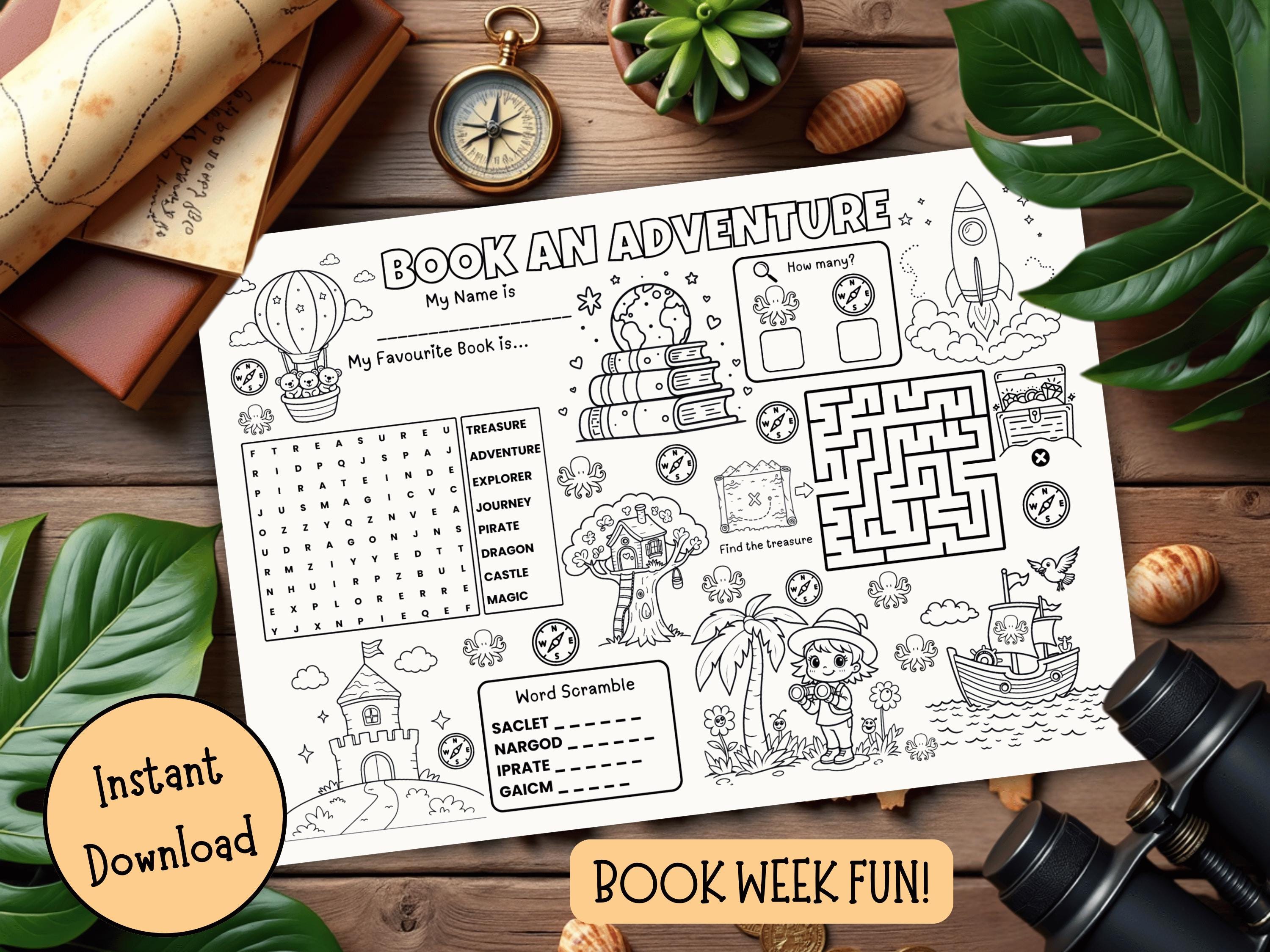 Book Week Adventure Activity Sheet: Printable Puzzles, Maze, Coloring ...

---

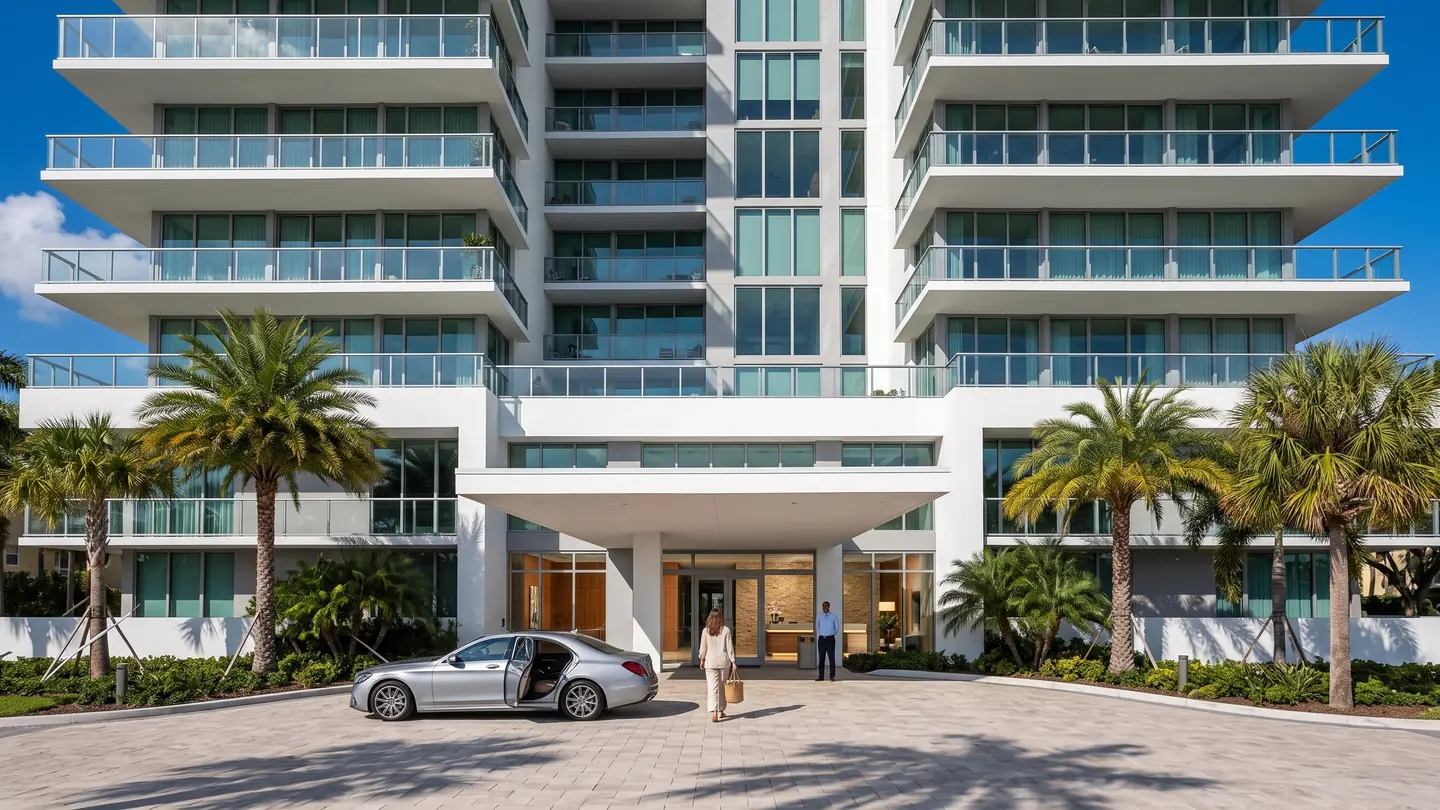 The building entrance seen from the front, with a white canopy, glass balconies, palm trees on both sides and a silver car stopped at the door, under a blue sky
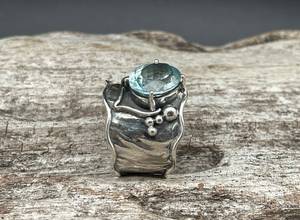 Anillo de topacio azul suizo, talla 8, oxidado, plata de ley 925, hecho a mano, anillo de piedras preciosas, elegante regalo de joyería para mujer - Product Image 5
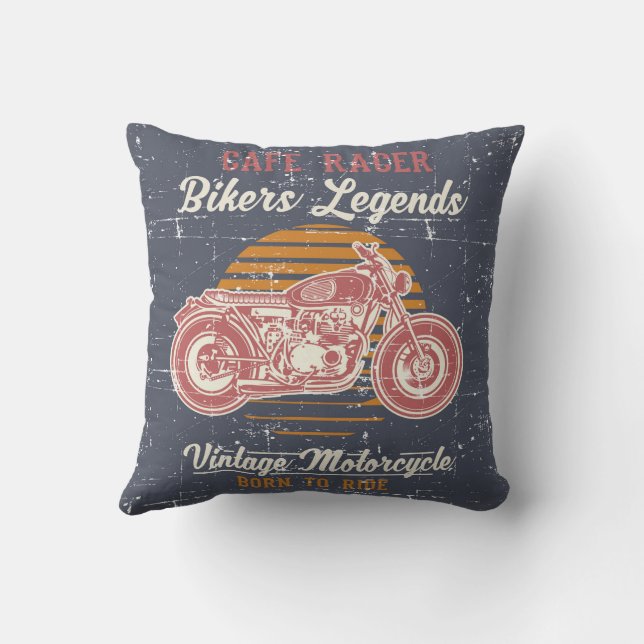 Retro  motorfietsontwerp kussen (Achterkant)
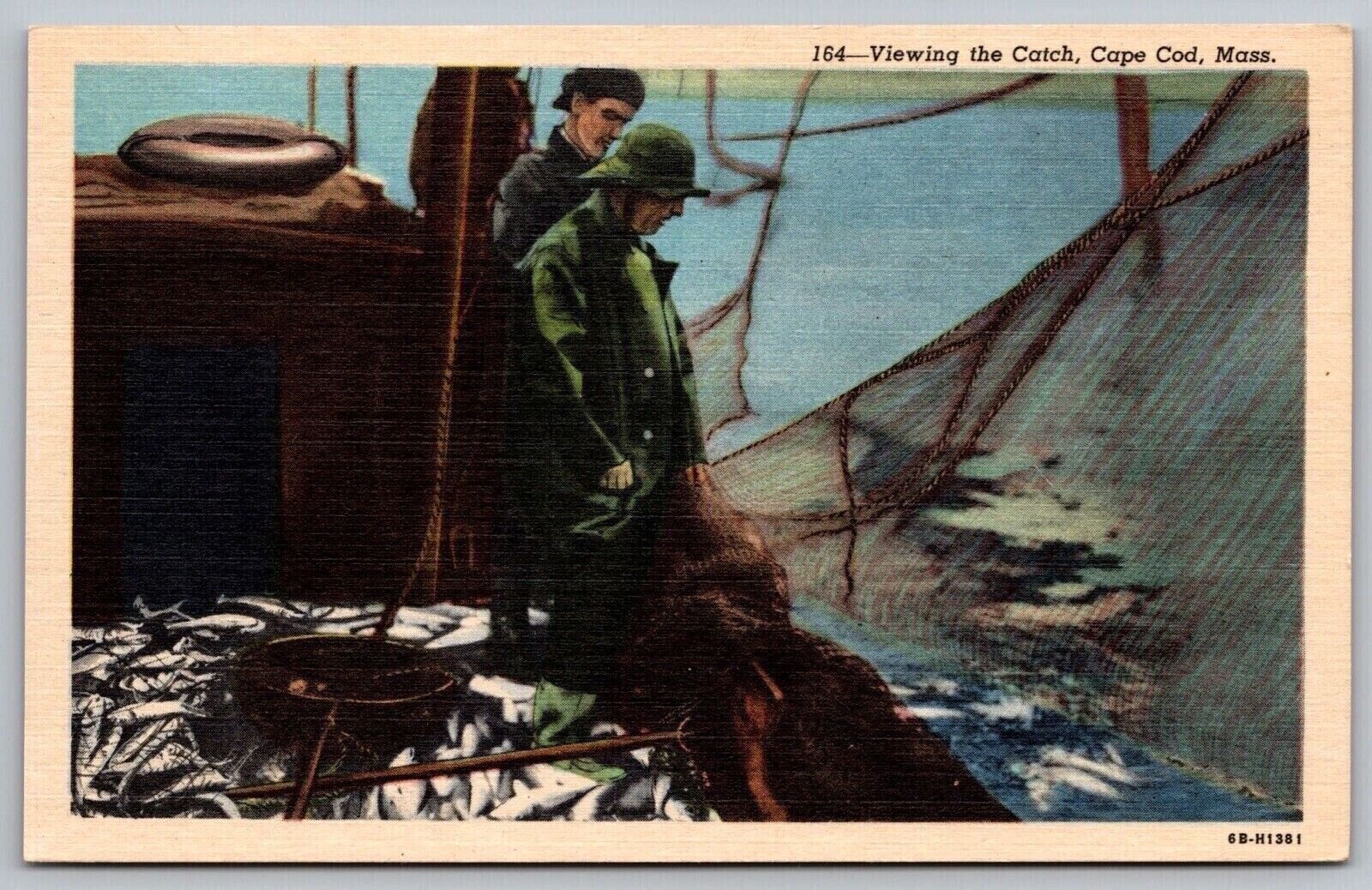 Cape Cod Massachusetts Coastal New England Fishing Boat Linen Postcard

• _Required action_:
Your answer must be the exact lines from the records above, from the one containing "motorfietsontwerp kussen (Achterkant)" through the one containing "Cape Cod Massachusetts", both included, with every picture left out.

• _Response to this task_:
 Retro  motorfietsontwerp kussen (Achterkant)
 Cape Cod Massachusetts Coastal New England Fishing Boat Linen Postcard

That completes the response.